** What the task requires **
Find the line in the entries below that contains "Courage Under Pressure T-Shirt". Repeat it exactly, and every line after it through the line that contains "High quality/High cost".

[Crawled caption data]

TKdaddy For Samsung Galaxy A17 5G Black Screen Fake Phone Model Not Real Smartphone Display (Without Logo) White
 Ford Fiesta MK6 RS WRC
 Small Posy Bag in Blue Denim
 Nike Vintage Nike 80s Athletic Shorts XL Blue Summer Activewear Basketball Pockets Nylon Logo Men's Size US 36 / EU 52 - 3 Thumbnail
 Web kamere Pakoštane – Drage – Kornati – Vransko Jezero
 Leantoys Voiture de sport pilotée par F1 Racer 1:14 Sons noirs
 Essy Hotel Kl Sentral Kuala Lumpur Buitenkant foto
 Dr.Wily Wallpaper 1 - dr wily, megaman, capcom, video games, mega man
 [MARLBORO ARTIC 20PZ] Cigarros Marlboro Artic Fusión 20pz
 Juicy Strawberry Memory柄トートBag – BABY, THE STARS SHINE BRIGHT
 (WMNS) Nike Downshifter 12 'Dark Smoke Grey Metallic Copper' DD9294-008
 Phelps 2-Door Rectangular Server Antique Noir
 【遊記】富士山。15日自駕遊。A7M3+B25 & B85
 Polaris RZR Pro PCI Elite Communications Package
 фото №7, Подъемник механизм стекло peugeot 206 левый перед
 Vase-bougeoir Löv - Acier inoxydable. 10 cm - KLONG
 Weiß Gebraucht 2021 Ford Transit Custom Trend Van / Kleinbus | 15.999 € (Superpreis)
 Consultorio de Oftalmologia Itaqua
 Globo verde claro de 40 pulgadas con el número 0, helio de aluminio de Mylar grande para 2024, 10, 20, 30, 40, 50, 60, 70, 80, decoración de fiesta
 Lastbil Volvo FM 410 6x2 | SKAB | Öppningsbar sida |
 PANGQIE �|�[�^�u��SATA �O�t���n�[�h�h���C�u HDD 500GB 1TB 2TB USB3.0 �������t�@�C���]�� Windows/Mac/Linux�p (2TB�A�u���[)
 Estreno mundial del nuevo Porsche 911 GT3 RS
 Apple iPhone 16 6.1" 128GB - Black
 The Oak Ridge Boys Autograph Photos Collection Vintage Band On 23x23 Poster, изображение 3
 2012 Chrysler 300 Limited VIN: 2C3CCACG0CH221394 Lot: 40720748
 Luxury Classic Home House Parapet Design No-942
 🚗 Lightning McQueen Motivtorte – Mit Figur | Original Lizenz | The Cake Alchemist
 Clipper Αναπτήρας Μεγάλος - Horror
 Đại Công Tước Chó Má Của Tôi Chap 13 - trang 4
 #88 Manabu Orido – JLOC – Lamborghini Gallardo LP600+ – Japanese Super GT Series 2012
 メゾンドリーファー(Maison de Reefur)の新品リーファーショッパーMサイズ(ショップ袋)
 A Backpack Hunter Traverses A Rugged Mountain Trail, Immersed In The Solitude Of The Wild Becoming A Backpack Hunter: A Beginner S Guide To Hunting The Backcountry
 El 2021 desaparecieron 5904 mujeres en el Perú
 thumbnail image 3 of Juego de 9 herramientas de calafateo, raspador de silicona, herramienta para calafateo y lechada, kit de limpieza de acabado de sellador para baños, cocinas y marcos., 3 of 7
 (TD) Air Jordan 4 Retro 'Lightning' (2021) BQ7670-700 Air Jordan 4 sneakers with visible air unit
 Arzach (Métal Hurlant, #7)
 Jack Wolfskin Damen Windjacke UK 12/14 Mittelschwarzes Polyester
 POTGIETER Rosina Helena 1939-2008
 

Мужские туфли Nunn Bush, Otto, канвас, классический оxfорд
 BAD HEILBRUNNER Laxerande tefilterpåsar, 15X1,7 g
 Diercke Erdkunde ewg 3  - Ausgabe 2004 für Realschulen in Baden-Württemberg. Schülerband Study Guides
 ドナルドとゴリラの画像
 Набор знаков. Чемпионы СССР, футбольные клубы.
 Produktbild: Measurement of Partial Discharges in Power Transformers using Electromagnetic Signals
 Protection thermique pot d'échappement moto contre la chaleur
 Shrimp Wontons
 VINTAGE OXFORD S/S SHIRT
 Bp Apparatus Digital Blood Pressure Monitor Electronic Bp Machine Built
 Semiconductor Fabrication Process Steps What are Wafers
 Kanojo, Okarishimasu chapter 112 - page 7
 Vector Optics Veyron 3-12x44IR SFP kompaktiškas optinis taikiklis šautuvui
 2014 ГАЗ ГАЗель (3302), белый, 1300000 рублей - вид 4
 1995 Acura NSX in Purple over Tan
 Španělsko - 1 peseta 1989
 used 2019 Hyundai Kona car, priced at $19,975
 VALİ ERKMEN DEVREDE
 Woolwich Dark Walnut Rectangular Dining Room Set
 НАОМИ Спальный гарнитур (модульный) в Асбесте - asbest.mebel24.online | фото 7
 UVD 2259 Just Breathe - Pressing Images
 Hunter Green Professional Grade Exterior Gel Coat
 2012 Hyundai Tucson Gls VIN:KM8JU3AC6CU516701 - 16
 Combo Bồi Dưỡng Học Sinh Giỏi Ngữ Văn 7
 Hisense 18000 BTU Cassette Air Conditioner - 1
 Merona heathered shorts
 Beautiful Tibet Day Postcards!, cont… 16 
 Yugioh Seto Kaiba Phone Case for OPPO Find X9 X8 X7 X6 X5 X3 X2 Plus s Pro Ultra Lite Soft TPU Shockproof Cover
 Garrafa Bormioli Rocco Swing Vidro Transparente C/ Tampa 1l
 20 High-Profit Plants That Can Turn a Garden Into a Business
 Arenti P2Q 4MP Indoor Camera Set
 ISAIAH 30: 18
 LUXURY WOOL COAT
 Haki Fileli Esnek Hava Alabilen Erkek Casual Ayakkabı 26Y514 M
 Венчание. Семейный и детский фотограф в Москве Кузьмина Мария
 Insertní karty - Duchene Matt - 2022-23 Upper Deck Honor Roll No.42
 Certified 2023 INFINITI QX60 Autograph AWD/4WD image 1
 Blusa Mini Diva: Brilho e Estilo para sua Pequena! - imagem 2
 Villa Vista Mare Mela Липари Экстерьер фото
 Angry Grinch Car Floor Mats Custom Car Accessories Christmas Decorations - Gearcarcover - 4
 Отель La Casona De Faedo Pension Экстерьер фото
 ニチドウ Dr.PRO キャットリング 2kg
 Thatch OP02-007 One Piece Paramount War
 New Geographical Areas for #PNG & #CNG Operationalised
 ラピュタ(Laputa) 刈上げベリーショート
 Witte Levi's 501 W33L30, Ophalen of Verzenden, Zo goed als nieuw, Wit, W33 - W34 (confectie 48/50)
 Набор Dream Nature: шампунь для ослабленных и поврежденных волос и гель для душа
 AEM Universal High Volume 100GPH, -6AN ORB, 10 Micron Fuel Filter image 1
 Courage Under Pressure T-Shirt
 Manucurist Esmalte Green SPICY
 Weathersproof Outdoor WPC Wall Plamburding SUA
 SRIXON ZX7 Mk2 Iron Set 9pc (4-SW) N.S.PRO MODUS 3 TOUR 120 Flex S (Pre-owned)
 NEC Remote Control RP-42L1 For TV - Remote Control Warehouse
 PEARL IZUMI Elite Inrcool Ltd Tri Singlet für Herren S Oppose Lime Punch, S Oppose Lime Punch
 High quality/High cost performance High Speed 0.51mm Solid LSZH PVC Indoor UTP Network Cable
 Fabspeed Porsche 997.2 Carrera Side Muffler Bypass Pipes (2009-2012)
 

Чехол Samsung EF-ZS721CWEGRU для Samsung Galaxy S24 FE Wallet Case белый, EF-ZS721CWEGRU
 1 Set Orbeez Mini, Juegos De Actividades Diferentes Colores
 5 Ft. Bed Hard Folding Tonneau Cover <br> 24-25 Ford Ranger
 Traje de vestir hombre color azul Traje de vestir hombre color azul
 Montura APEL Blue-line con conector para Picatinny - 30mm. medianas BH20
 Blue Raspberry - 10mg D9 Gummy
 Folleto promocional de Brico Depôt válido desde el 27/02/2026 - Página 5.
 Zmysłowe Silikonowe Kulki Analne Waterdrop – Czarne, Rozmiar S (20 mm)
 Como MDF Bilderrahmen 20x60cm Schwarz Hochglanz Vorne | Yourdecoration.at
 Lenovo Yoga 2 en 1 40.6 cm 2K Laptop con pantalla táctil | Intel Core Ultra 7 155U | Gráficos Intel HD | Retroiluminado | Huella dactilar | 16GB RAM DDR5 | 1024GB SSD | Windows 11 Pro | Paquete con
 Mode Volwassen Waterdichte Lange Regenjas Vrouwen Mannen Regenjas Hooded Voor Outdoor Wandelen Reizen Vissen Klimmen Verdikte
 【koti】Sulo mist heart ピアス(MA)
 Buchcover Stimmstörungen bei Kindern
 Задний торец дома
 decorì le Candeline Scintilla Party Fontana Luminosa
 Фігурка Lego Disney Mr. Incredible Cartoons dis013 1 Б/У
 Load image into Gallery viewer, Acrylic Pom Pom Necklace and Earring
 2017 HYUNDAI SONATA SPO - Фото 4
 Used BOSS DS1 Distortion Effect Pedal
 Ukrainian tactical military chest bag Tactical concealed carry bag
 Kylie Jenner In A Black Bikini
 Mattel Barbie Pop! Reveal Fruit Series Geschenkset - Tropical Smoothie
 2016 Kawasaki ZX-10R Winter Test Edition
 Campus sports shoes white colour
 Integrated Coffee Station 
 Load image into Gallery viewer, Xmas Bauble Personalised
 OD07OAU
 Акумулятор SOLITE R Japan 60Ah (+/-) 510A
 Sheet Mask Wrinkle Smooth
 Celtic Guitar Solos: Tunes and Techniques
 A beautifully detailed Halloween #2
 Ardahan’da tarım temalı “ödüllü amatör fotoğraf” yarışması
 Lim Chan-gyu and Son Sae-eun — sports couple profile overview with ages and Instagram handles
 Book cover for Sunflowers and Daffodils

** Problem solution **
 Courage Under Pressure T-Shirt
 Manucurist Esmalte Green SPICY
 Weathersproof Outdoor WPC Wall Plamburding SUA
 SRIXON ZX7 Mk2 Iron Set 9pc (4-SW) N.S.PRO MODUS 3 TOUR 120 Flex S (Pre-owned)
 NEC Remote Control RP-42L1 For TV - Remote Control Warehouse
 PEARL IZUMI Elite Inrcool Ltd Tri Singlet für Herren S Oppose Lime Punch, S Oppose Lime Punch
 High quality/High cost performance High Speed 0.51mm Solid LSZH PVC Indoor UTP Network Cable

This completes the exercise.